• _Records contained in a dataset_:

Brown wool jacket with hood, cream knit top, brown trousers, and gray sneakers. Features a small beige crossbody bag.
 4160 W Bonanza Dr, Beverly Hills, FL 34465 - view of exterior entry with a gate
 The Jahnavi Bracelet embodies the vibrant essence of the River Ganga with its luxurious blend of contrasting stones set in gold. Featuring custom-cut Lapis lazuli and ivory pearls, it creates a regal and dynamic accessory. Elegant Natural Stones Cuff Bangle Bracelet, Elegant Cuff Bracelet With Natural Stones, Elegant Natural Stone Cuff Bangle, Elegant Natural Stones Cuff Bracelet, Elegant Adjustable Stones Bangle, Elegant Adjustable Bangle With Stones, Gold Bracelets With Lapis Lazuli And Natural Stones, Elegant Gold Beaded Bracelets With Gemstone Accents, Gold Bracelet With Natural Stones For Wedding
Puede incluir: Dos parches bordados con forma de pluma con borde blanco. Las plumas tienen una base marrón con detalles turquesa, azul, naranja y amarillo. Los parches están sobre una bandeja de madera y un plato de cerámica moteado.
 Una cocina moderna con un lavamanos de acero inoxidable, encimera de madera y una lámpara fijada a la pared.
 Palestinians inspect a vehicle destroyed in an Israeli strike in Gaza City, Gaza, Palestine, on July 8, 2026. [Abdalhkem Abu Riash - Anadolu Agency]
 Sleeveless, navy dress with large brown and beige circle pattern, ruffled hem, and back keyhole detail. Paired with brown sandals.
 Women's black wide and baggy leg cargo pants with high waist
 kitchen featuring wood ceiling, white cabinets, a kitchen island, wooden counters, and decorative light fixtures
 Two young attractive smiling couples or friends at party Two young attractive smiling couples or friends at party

• _Problem requirements_: Among the records above, find the lines where the word "beige" appears and copy them.

• _Problem solution_:
Brown wool jacket with hood, cream knit top, brown trousers, and gray sneakers. Features a small beige crossbody bag.
 Sleeveless, navy dress with large brown and beige circle pattern, ruffled hem, and back keyhole detail. Paired with brown sandals.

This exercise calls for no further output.